Obviously, I can’t identify EVERY deduction available in one blog post.  What you are allowed to deduct on your tax return is dependent on your individual tax situation and what money you spend on items that have preferential tax treatment. I have, however, been preparing taxes long enough that I can identify some of the common tax deductions that a lot of people miss.

 

To begin, the deduction for educator expenses. I have a lot of friends and clients who are teachers, and this is a deduction available only to them that many of them are unaware of. This is a $300 deduction directly from your adjusted gross income and if you are married filing joint and both you and your spouse are teachers, you can deduct up to $600. $300 may not seem like much, but it’s one of the few deductions that gives you a dollar-for-dollar reduction in taxable income. If I have clients who are teachers, I always check with them to see if they have enough expenses to qualify for the full deduction. Many of them do because teachers have a lot of stuff they have to pay out of pocket for, so this is a deduction I highly encourage them to take.

 

If you are a sole proprietor or a single member LLC, there are several business deductions available to you, that I usually have to pester clients for information for every year.
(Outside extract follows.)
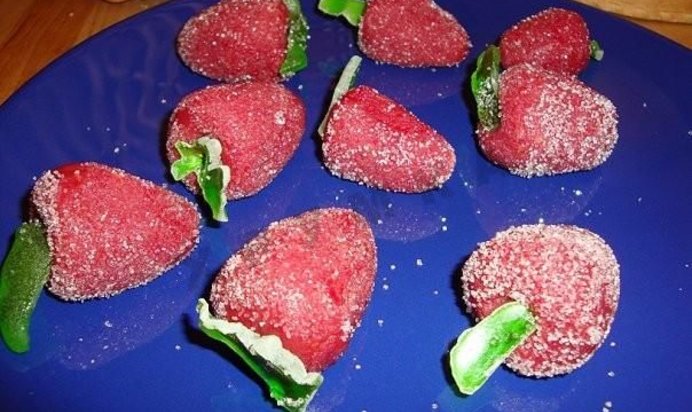 Пирожное Клубничка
The big one is the deduction for their health insurance premiums. Health insurance for someone who is self-employed can be very costly so make sure you provide your 1095-A to your tax preparer at the end of the year so that you can take advantage of this deduction. There is usually a balancing act between this deduction and the premium tax credit, but most of my self-employed clients are usually still eligible for this.

 

The home office credit – this gets missed a lot. If you are self-employed and your business is organized as a sole proprietorship or single member LLC and you work from home, you are eligible for the home office deduction. This is a business expense on the Schedule C and it consists of the business use portion of your home and corresponding expenses. I usually have my clients tally up how much they have paid in rent (if they rent), utilities, insurance (including rental insurance), and repairs to the home and then let me know the square footage of the home and the square footage of the space considered their “home office”. If they own the home, I ask for the mortgage interest and property tax information. You will want to make sure that your home office looks like a home office in case of an audit, but this is a deduction that I see frequently get missed on a tax return that I am reviewing.

 

Mortgage interest and property taxes in general, while they aren’t normally deductible on the federal return since the Tax Cuts and Jobs Act was passed, they are still deductible on the Kentucky state return and several other state returns. Furthermore, if you live in Indiana and work in Kentucky, then you get a special deduction on the Indiana state return for property taxes and rent payments. I almost always have to hound my Indiana resident clients for this information so I can get them this deduction on their state return. It’s not a common deduction among states, so it often gets forgotten about.

 

Again, those are just a few of the deductions that I find myself requesting more information from clients about when I’m preparing their returns. There are many more, but it really depends on your tax situation and more importantly your adjusted gross income. These are just the ones that I see get missed on returns that people prepare themselves or have someone else prepare or the deductions that I frequently find myself following up with clients for more information so I can get them the tax benefits they are entitled to.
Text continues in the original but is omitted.